SUNK is CoreWeave's solution for running Slurm on Kubernetes. Using Ray on SUNK provides Ray's Python native parallelism with Slurm's enterprise-level scheduler. By using Ray on SUNK, you let Slurm manage when and where jobs run, while Ray manages how it runs distributed tasks.

This tutorial walks you through integrating Ray's distributed computing framework with SUNK's Slurm-based job scheduler. By the end, you have prepared a Ray container, launched a Ray cluster through Slurm, and learned how to connect to a running Ray environment for interactive development or debugging.

Consider running Ray on SUNK if one of the following applies:

* Most of your compute usage is through Slurm, and you need Ray to orchestrate workloads.
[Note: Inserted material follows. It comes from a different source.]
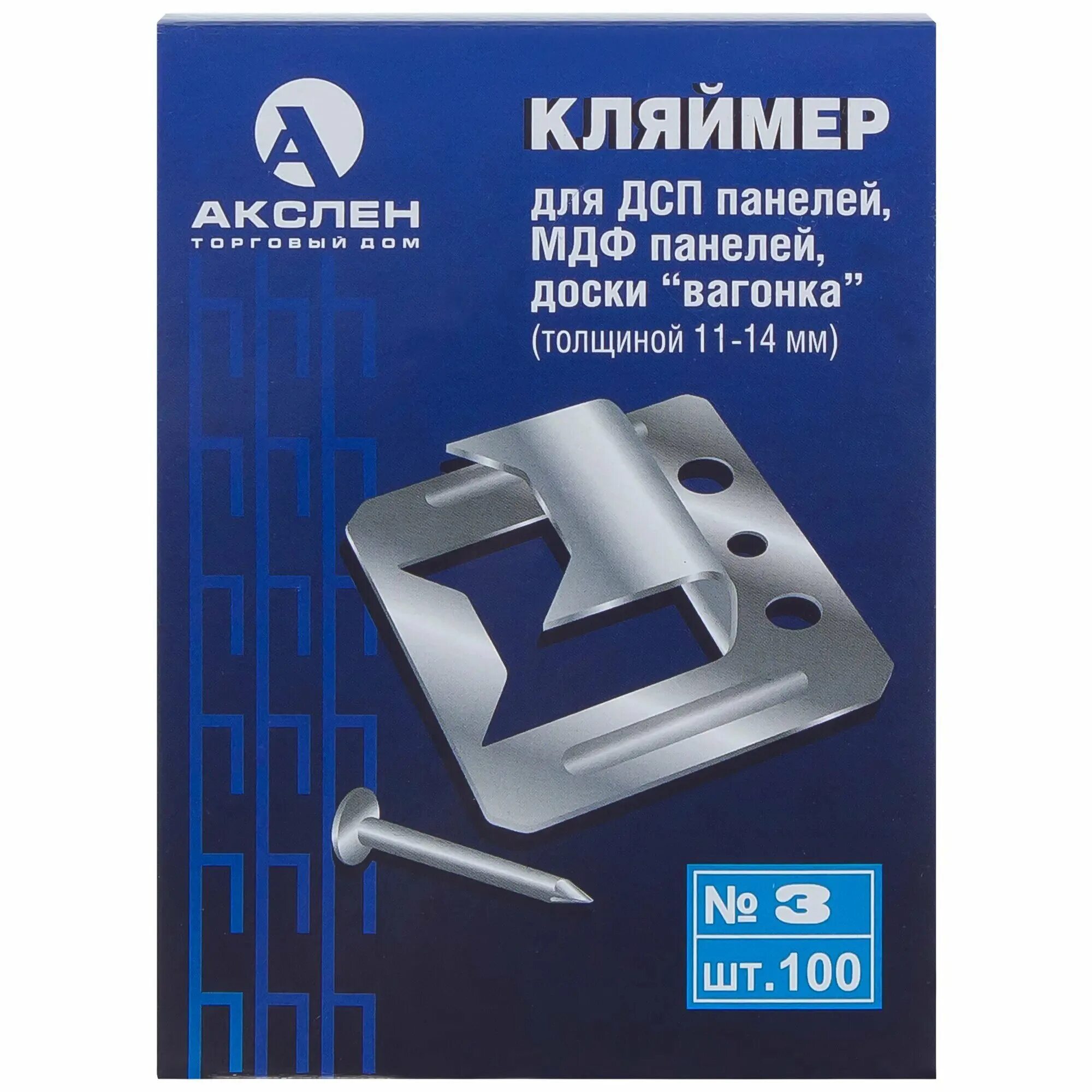 Кляймеры для мдф панелей фото Кляймер подвижной для фальцевой кровли нерж сталь купить - купить по низкой цене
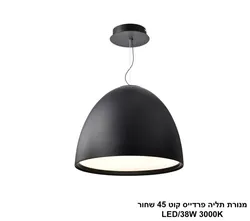 מנורת תליה פרדייס קוטר 45 שחור.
* You want to support Ray and Slurm users from a single environment, using the Slurm scheduler for efficient resource allocation.

## Prerequisites

Before completing the steps in the guide, make sure you have the following:

* Access to a SUNK cluster with permissions to submit jobs.
* Familiarity with Slurm commands, such as `srun`, `sbatch`, and `squeue`.

## Create a Ray cluster on Slurm

When working with containers on Slurm, you typically pull them as squash files to a shared directory in the Slurm login nodes. Within the shared directory, you can then run the containers using multiple nodes without making simultaneous repository pulls.

Two methods for pulling containers are available:

* **Pulling a Ray container and saving it as a squash file using `enroot`.** This is useful if you need to debug container errors.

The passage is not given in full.